Ransom then came from the back of the store and pointed what appeared to be a gun at the officers, O’Neill said. Multiple officers fired multiple rounds, one of them striking Simonsen, he said. An imitation firearm was recovered by police at the scene.
Mayor Bill de Blasio and O’Neill met with Simonsen’s grieving wife and mother as well as the injured sergeant, who has been with the department for more than eight years.
"It was absolutely heartbreaking. The shock that they’re feeling was so painful to see," de Blasio said of Simonsen’s family during the news conference at Jamaica hospital.

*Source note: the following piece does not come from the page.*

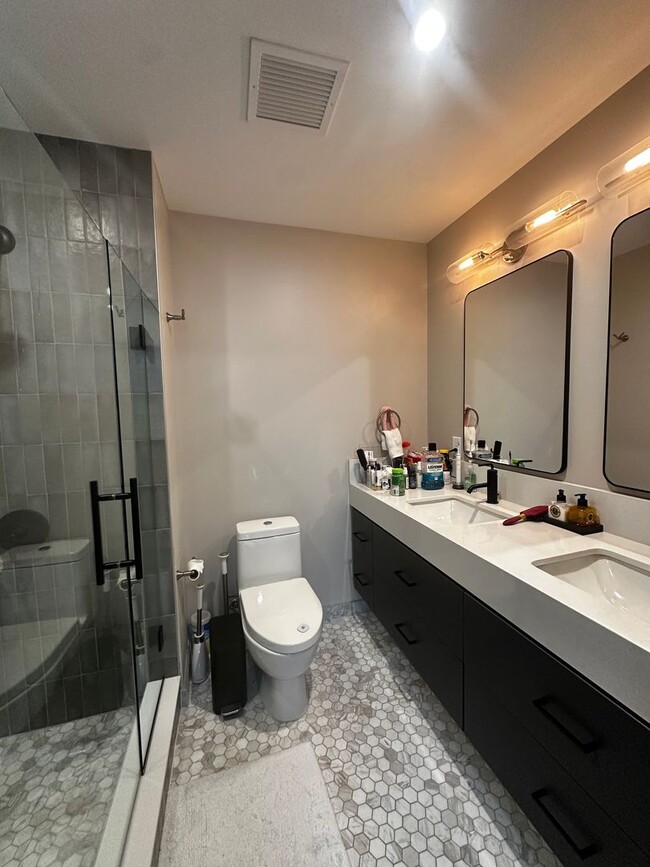Building Photo - Spacious 2 Bed, 2 Bath Luxury Condo with D...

Arwindern Singh, who lives across the street from the store, said he heard about 20 shots go off and thought they were firecrackers.

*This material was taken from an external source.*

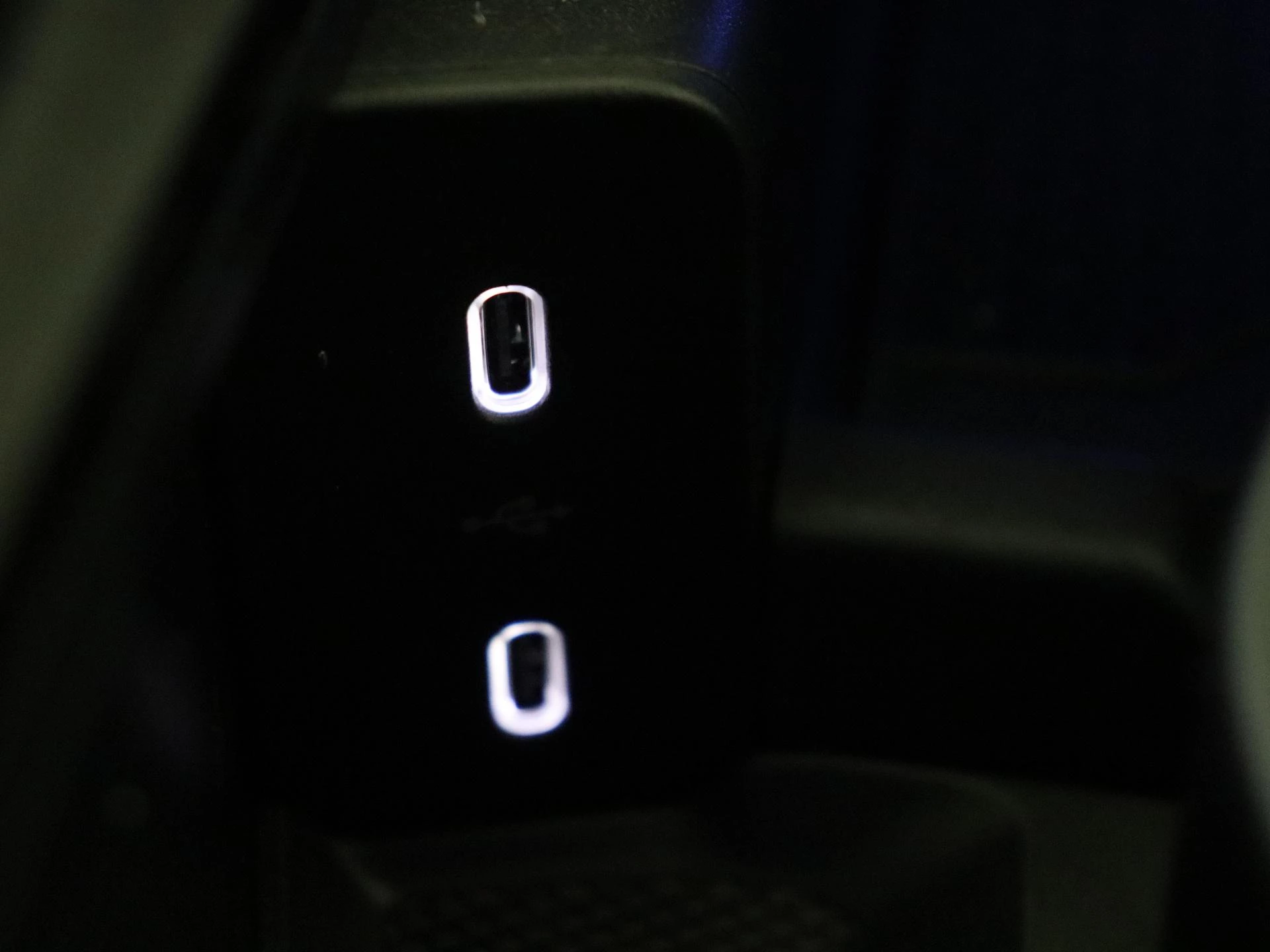 Mercedes-Benz-E-Klasse-image-22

When he went outside, he said, "all of a sudden there were cops all over."
The gunfire blew out the store’s doors, showering the sidewalk with glass. Scores of police officers streamed to the scene, which was roped off with crime tape. Some walked together in a line, searching for evidence.
Michael Palladino, president of the Detectives’ Endowment Association, said Simonsen was the elected delegate of the 102nd Precinct detectives’ squad and wasn’t supposed to be working Tuesday night.
"His fellow detectives, they saw leadership skills in him. He was the kind of fellow that led by example, not by words," Palladino said at the hospital news conference. "He didn’t have to be at work tonight because . . . today was the delegates meeting this morning, he was actually excused from duty, but we had this pattern going, and he felt compelled to go to the delegates meeting, ignore the excusal and go to work."
O’Neill called Simonsen’s death "an absolute tragedy."
"The sympathies and prayers of the entire New York City Police Department are with the family and colleagues of Det. Simonsen," he added.
Elected officials, including Sen. Chuck Schumer and City Council Speaker Corey Johnson, took to Twitter to offer their condolences.
"Praying for these two officers and their families," Johnson said.
"We are forever indebted to the brave NYPD detective who was killed in Queens tonight and the sergeant who was wounded. May God bless them and their families," said Schumer.
The last NYPD officer fatally shot in the line of duty was Miosotis Familia. The 12-year veteran and mother of three was gunned down as she sat in an NYPD mobile command vehicle in Fordham Heights, the Bronx, on July 5, 2017. The suspected gunman, Alexander Bonds, was killed by responding officers after he brandished a revolver.